Urban Waste Management: How Your City Can Help You Recycle
The world is getting more crowded. As the urbanization rate continues to grow, so does the volume of waste generated. Therefore, city governments must encourage people to recycle through comprehensive urban waste management systems and strategies.
Humans generate waste every day. From product packaging to scrap papers to broken appliances, we always throw things we no longer use. According to the World Bank, each person generates roughly 0.11 to 4.54 kilograms of waste every day. By 2050, global waste is expected to grow to 3.40 billion tons.
Lack of Recycling
“Reduce, reuse, recycle” is a commonly known phrase nowadays. Though recycling comes last, it’s still essential to urban waste management. Appropriately done, recycling can be the foundation of a circular economy, generate income, and minimize the environmental impacts of human activities.
Unfortunately, recycling remains an elusive process for many. For instance, out of 27 million tons of municipal solid waste generated in 2017, Thailand recycled only 34%. In the same year, Indonesia only recycled 10% of the 6.8 million tons of its total plastic waste.
There’s a long way to go, but there is now a trend and pressure for businesses to reduce waste by using recycled materials. Mainstreaming recycling for individual citizens and customers is extremely important for successful urban waste management.
What Your City Can Do
Due to a lack of public awareness and infrastructure, recycling is not yet a mainstream process in urban communities. There is no one-size-fits-all approach to urban waste management, as the conditions in each city are different. However, here are some ways your city can help you get into a better waste disposal habit:
- Educate, encourage, and normalize community participation
Everyone should know how to sort their waste and recyclables and why it’s important. This education should start at school and at home. Robust campaigns and outreach programs are needed for those out of the system. Incentivization or fining non-compliance may also help. Generally, dignifying the process of discarding waste can boost community participation. Properly sorting your trash and recycling should be a visible, normalized action. If everyone does it, everyone else will do it, too.
- Provide neighborhood-scale collection
Making the process as easy as possible is important and possible through multi-stakeholder coordination. After you sort your own waste at home, local communities or businesses can collect it door-to-door in your neighborhood and bring it to central collection points. Then, the local governments’ crewed trucks can pick it up and bring it to a central processing facility several times a week with a regular schedule. Having separate collectors for recyclable waste to be picked up and brought to recycling facilities is also a viable option.

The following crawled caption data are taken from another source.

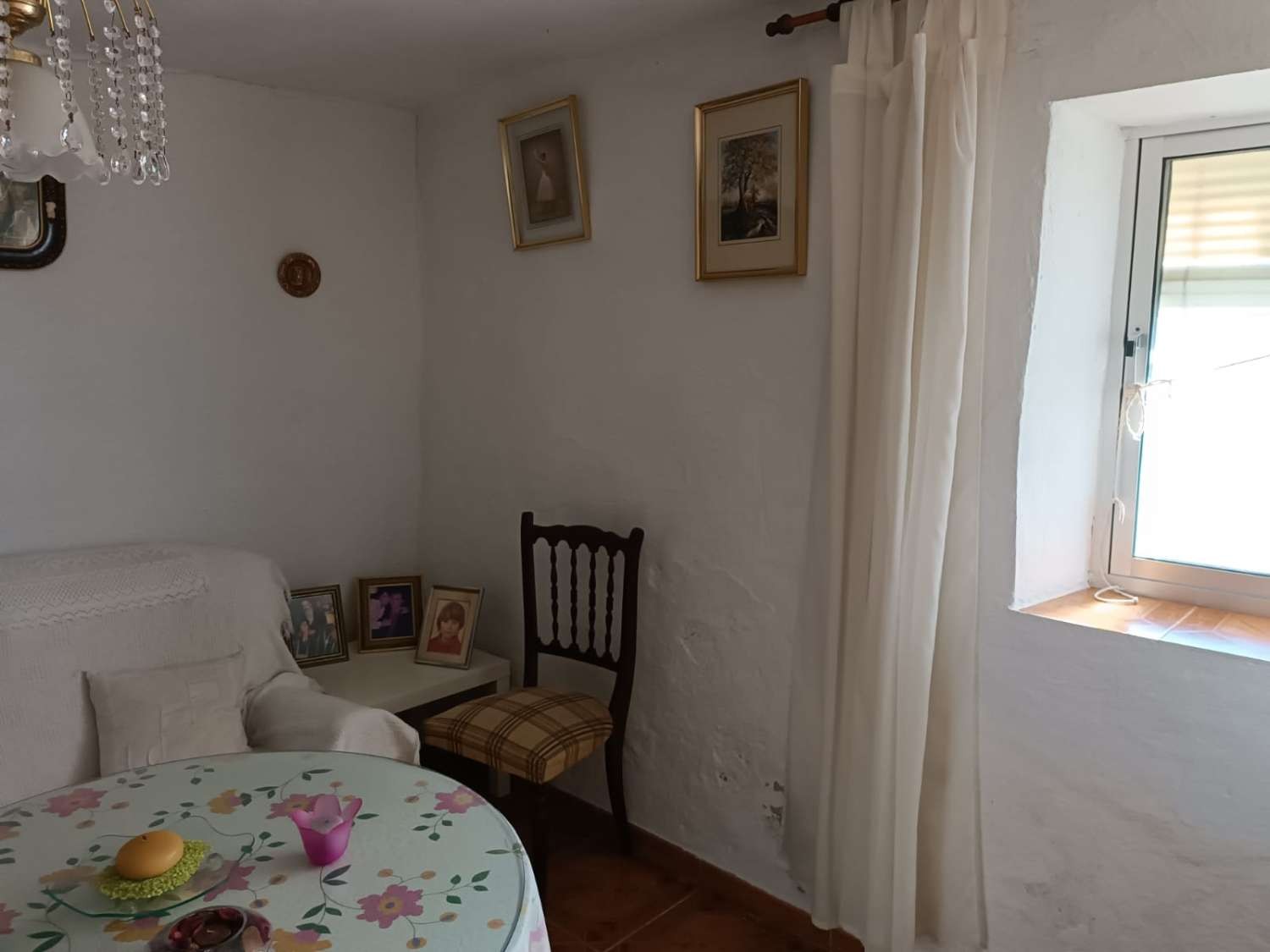 Maison en vente à Rincón de la Victoria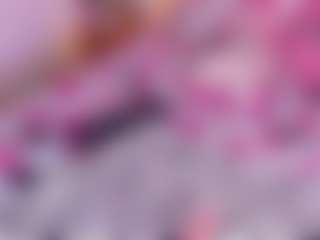 Live cam show with choco-dessert - Flashing on alttransgirls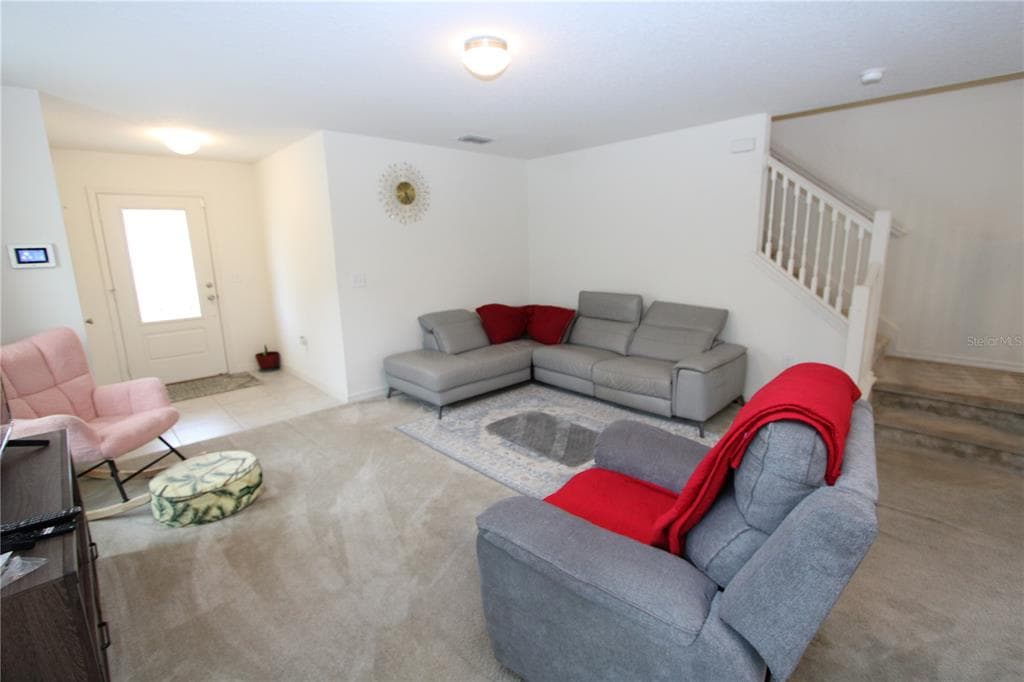 366 PRESERVE POINTE BOULEVARD, DAVENPORT, FL 33837 — zdjęcie 4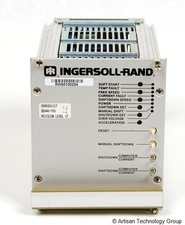 DEA40-700&nbsp;Industrial Equipment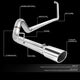 CBE-F250-003-SP - 2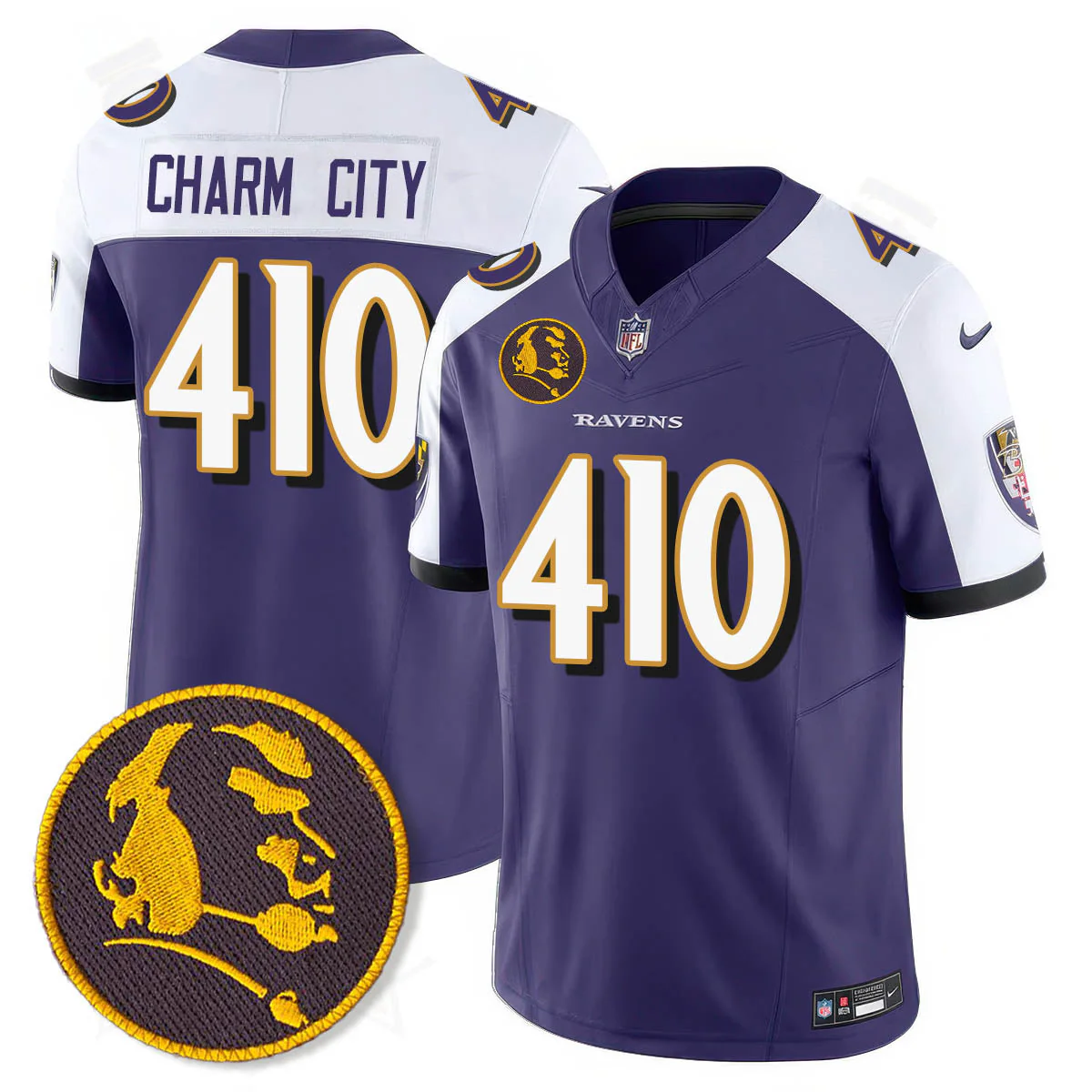 Product image 10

- Install a system of pneumatic tubes
Pneumatic tubes transport solid objects through tubes using compressed air or by partial vacuum. They can be and have been incorporated into areas where truck access is limited and in mega development projects in Asia and the Middle East. A hybrid approach that combines pneumatic tube networks with garbage trucks at central waste collection points might be most beneficial for some cities.
- Provide easy access to discard trash in public
As a public amenity, city governments should provide enough well-designed garbage and recycling bins at public spaces. Providing waste-specific facilities can help, too, such as communal compost sites for organic waste or ATM-like machines for recyclable plastics. This plan will help discourage littering, encourage recycling, and normalize proper waste disposal in the community.
Proper Urban Waste Management
The homework continues. A functional urban waste management plan includes properly processing the collected waste and recyclables. Biological treatments, incarceration, and landfilling are some ways to process waste.
A 2017 report by UNEP shows that open waste dumping and burning are still prevalent waste processing methods in many ASEAN countries, mainly due to the cheap cost. On the other hand, recycling is still primarily handled by the informal sector due to the governments’ limited capacities in handling the waste streams.
However, between battery recycling in Australia and e-waste management in Singapore, it appears possible for governments to handle nationwide recycling. It starts at your own home, but there’s more to it. Overall, there needs to be active participation and strong multi-stakeholder collaboration from governments, businesses, and communities to mainstream recycling and create good urban waste management.
This article is published to celebrate Global Recycling Day on March 18.